* PROMPT: Only the lines of the data below from the one with "2i Standlı Cam Sıvı Sabunluk Siyah" through the one with "Women's Fashion Alloy" are wanted. Repeat them exactly.
---
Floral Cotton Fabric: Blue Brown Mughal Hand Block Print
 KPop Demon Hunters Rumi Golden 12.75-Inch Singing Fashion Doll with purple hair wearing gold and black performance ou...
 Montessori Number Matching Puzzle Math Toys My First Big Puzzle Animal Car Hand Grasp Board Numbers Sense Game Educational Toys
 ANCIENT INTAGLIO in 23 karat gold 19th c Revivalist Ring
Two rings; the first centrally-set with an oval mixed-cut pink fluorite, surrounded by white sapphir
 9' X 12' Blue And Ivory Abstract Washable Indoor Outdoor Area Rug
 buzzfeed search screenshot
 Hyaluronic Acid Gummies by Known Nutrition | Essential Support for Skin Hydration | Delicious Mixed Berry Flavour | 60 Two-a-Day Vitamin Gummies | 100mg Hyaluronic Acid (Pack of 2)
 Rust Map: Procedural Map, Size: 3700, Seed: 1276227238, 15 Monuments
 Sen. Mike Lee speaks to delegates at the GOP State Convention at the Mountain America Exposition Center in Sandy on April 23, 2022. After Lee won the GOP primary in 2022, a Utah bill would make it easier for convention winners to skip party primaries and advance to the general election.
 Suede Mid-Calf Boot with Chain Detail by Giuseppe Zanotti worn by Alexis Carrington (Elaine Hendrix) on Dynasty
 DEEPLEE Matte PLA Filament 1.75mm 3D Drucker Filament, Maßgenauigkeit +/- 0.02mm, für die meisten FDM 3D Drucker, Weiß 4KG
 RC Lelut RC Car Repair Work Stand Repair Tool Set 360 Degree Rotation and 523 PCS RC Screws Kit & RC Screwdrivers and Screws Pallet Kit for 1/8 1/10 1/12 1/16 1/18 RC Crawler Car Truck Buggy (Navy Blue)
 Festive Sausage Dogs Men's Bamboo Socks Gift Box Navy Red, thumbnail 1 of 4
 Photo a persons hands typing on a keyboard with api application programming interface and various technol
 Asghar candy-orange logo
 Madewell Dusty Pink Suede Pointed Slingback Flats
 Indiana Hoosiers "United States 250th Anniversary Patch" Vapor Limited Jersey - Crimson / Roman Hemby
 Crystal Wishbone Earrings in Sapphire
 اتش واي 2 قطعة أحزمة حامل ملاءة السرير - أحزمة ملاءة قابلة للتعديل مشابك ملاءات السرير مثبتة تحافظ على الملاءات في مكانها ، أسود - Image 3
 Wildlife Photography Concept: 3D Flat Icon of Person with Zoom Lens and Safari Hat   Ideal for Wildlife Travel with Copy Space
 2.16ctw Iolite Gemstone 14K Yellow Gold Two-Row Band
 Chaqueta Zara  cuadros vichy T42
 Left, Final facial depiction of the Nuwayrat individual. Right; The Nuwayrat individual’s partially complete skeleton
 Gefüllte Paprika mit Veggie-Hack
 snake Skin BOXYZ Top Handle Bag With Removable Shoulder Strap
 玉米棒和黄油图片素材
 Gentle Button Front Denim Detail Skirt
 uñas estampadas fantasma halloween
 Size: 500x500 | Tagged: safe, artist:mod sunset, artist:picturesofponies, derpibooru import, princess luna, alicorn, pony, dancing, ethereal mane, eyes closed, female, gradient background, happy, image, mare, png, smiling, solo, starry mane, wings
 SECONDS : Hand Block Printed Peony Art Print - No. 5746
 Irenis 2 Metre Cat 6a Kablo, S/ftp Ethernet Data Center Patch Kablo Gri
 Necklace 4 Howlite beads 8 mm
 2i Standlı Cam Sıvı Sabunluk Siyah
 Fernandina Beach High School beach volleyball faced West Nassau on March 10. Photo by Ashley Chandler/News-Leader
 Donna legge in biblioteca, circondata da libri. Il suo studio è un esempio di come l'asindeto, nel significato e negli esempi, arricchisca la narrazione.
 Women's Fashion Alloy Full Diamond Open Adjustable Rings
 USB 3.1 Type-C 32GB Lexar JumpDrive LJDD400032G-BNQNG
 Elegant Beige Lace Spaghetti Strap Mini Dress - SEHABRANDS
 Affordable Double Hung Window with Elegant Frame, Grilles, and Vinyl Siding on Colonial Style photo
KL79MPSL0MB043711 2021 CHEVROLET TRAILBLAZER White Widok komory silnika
---
* OUTPUT BELOW:
 2i Standlı Cam Sıvı Sabunluk Siyah
 Fernandina Beach High School beach volleyball faced West Nassau on March 10. Photo by Ashley Chandler/News-Leader
 Donna legge in biblioteca, circondata da libri. Il suo studio è un esempio di come l'asindeto, nel significato e negli esempi, arricchisca la narrazione.
 Women's Fashion Alloy Full Diamond Open Adjustable Rings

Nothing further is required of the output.